Because ECO placed an obligation with a challenging level of carbon reduction on energy companies up to 2015, some solid –looking partnerships had developed between social landlords, local authorities, energy companies and others. The aim of such partnerships was to discharge parts of those obligations through the treatment of thousands of solid wall and hard to treat properties using an area based approach.  In Southampton a deal to begin such a programme was at an advanced stage; deals had been struck, partners agreed, programmes designed at no little cost to the local authority, and residents had been informed that cladding and a potential considerable reduction in their bills was soon to arrive.

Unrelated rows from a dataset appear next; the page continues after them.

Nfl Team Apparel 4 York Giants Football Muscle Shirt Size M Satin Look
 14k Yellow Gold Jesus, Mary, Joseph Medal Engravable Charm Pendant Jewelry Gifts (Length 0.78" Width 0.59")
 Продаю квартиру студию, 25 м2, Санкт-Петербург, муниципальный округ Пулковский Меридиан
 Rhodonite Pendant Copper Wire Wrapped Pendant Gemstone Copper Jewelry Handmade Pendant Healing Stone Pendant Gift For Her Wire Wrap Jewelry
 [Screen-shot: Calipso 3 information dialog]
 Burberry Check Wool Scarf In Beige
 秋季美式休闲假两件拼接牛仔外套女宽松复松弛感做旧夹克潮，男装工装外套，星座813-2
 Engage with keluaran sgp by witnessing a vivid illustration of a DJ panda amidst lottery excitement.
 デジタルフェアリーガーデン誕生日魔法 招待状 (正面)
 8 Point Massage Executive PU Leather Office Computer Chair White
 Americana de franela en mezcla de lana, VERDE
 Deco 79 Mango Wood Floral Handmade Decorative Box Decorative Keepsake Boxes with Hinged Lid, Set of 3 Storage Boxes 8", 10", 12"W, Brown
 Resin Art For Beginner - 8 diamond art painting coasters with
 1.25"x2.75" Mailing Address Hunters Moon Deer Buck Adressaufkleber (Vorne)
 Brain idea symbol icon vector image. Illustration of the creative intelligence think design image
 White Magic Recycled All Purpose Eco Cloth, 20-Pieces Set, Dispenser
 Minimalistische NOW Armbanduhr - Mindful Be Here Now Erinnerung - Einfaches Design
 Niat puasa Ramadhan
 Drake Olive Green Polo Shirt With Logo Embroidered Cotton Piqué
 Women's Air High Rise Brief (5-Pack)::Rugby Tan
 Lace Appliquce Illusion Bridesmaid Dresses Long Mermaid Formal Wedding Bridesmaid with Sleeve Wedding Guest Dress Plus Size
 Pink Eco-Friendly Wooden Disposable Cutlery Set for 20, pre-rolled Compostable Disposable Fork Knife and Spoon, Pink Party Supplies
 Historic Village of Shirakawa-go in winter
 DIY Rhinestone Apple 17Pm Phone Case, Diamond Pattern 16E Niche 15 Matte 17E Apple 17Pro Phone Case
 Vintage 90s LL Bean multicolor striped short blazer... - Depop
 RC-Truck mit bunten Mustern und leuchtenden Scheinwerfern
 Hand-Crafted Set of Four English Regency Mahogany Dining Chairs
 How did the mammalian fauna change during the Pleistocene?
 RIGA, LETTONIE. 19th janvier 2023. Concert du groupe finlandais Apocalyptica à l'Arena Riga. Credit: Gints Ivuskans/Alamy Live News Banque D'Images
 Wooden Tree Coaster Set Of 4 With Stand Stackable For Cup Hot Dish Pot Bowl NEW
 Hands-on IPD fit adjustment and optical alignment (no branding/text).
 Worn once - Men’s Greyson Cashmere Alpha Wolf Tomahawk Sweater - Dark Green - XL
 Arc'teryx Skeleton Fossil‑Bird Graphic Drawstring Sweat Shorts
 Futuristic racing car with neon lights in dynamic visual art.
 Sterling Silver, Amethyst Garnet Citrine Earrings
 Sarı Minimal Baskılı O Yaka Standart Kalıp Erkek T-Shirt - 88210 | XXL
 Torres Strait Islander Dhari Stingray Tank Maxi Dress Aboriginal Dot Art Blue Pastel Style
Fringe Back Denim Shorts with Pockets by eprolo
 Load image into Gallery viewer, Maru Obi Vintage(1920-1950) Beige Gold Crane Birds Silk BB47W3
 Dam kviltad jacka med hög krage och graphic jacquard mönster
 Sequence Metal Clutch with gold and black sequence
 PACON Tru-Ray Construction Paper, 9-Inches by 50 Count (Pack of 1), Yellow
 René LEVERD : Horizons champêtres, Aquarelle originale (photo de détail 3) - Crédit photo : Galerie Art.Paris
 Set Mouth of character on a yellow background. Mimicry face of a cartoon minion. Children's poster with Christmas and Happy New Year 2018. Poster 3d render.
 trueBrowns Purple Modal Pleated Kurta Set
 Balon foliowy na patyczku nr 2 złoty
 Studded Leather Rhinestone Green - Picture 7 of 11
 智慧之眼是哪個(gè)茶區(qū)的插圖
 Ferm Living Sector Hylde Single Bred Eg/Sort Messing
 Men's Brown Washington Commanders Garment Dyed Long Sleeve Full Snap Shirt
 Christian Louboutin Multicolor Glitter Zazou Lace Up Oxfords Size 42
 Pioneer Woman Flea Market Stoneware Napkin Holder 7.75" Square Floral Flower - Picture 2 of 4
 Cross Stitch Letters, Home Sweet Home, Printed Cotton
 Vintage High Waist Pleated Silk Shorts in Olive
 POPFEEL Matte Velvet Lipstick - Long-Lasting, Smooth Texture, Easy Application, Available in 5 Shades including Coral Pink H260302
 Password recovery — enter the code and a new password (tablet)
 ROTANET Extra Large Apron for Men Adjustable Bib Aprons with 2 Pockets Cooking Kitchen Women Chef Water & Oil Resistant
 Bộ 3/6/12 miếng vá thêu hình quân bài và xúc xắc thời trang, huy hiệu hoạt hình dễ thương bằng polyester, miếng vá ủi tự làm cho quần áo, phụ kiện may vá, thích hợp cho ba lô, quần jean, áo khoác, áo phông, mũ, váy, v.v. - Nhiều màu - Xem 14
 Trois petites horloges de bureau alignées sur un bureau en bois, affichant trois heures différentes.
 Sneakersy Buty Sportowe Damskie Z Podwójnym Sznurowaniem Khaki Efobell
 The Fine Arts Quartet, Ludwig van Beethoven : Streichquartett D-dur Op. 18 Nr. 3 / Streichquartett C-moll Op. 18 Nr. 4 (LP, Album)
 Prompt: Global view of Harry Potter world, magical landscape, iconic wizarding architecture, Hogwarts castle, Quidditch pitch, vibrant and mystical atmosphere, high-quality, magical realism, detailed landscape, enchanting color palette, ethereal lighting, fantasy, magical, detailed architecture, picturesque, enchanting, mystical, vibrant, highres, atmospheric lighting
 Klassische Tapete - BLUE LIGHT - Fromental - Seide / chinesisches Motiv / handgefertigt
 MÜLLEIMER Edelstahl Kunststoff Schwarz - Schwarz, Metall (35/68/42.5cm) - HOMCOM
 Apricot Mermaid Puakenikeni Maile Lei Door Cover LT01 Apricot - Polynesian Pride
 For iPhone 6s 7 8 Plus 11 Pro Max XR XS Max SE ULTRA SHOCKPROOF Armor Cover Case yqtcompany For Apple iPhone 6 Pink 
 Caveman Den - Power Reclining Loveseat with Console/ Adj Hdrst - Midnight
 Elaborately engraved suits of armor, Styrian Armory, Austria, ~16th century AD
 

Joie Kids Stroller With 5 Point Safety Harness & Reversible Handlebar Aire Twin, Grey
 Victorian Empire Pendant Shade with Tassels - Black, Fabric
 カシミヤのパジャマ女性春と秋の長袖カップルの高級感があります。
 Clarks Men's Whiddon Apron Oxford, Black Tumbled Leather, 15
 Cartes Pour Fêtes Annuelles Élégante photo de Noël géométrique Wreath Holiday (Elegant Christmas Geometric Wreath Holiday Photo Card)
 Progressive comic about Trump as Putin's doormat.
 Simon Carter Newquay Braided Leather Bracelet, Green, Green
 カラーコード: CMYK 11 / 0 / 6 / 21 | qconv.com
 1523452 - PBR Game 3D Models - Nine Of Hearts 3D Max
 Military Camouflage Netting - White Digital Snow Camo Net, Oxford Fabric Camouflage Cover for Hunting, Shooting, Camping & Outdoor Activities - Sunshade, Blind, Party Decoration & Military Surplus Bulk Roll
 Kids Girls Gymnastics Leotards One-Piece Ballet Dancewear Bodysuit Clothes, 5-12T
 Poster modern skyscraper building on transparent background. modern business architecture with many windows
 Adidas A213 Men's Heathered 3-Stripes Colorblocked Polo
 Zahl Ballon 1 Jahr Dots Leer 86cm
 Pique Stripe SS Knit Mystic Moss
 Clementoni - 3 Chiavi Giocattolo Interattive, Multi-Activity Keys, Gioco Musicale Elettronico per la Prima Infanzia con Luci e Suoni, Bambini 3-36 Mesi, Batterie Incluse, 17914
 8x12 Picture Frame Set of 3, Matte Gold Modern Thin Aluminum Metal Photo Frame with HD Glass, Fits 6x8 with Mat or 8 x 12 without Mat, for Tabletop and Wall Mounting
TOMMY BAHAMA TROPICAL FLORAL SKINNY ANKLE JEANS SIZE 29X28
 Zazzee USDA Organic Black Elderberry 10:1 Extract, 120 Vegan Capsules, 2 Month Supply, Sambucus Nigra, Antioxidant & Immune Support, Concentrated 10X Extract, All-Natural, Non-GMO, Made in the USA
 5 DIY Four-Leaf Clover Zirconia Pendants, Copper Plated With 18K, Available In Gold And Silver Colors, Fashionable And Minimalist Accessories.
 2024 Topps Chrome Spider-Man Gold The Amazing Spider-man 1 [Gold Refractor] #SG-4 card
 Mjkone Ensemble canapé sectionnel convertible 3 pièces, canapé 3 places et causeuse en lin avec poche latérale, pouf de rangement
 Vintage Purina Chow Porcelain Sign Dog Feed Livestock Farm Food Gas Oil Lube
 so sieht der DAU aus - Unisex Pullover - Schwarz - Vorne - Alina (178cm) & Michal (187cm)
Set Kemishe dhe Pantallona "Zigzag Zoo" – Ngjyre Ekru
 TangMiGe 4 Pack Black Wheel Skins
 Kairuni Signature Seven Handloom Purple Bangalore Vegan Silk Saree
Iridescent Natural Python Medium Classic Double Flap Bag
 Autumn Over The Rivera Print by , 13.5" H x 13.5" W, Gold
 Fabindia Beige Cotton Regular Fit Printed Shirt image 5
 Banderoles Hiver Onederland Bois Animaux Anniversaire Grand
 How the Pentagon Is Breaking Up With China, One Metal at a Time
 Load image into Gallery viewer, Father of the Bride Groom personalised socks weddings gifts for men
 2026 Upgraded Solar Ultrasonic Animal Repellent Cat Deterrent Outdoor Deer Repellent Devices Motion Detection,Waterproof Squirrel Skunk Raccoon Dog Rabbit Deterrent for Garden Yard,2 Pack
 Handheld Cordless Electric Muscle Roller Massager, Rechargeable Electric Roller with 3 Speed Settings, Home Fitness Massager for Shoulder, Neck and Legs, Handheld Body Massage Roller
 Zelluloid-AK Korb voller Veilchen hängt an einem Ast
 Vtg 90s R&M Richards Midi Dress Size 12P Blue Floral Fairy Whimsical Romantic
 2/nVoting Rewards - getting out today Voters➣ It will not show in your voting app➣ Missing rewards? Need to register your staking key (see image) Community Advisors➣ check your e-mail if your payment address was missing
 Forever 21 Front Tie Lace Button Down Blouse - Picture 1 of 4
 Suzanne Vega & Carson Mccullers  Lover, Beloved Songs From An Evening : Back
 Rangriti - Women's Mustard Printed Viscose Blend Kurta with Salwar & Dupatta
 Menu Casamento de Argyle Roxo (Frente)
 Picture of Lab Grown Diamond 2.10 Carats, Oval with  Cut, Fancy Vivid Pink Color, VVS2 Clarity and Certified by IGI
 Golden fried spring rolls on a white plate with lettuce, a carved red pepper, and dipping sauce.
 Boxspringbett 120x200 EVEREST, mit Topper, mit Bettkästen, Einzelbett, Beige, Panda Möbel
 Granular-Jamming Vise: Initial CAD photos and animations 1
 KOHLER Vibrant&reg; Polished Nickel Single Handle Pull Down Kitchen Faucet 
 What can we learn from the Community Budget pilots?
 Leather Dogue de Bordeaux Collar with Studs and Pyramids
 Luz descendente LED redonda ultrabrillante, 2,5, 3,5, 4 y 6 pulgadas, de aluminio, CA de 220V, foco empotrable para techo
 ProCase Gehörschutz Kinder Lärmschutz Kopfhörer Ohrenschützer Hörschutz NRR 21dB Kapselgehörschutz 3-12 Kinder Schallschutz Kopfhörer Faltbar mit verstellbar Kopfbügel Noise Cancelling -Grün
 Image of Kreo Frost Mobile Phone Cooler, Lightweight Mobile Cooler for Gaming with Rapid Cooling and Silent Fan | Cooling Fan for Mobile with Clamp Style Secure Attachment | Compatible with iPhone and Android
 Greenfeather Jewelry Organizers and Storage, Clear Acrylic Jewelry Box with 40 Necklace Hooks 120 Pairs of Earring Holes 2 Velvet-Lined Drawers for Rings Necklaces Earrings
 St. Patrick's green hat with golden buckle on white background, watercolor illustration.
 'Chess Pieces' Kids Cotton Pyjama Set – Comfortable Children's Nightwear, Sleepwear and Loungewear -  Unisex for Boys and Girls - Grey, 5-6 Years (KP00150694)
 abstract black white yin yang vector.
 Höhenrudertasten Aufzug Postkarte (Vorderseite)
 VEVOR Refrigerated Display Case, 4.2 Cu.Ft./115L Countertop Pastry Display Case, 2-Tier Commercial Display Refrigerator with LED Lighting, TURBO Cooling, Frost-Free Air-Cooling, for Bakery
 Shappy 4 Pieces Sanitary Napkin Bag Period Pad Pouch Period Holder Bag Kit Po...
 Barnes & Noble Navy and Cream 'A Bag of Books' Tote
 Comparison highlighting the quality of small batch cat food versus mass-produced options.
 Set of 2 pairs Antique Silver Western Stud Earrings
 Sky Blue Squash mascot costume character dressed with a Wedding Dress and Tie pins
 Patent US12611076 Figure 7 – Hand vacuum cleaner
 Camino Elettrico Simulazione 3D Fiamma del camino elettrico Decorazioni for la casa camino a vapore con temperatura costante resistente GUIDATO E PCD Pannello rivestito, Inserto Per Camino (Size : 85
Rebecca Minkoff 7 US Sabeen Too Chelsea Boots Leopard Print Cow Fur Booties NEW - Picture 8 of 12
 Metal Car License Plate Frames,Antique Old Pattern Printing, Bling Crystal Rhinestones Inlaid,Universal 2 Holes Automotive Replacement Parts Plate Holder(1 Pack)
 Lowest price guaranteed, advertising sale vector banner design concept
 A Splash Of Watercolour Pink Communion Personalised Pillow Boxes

But now as a result of the lengthening of the ECO’s ‘commitment’ and the emptying of the CERO part of the scheme to fund easier to achieve treatments, e.g. loft and cavity foam measures (which should have been the province of the Green Deal), virtually no area based schemes, as far as I can see, are now standing. The energy companies, being no longer obliged to work at the speed or to the extent that they previously were, are simply pulling the plug on their contributions.  Technically, the ECO extension until 2017 means that companies will now be obliged to only insulate around 100,000 homes by 2017, instead of the target of about 180,000 by 2015. Because of the way the ECO obligation is calculated, energy companies can now plump for cheaper measures in order to discharge their obligation.  Bearing this in mind, I would be most surprised now if anything like that number of properties are actually insulated.

It might be worth reminding ourselves of what was put forward as a real prospectus for ECO less than two years ago. Then the government said:

One of the major challenges for the ECO and Green Deal is the changing nature of the types of measures that need to be delivered. CERT, by focusing on delivering low-cost measures, has been very successful at installing simple loft and cavity wall insulation. From 2012 Green Deal finance will offer a route to deliver the remaining low cost loft and cavity wall opportunities at no upfront cost and without need for subsidy. However to meet our carbon budgets cost effectively, we will need to go far beyond just lofts and cavity walls, and move towards the next most cost effective measures.

However, some 7 million of the most difficult to treat homes require some form of solid wall insulation. The Committee on Climate Change recommended in their 2009 Report, ‘Meeting Carbon Budgets – the need for a step change’1that 2.3million solid wall homes will need to have taken up solid wall insulation by 2022 in order for the UK to be on track to achieve carbon budgets. ECO support for these properties will help drive this market, and the supply chain to fulfil it, enabling us to unlock the resulting carbon savings more cost effectively.

Now the Green Deal is on life support and ECO is in ruins. Quite a catastrophe really.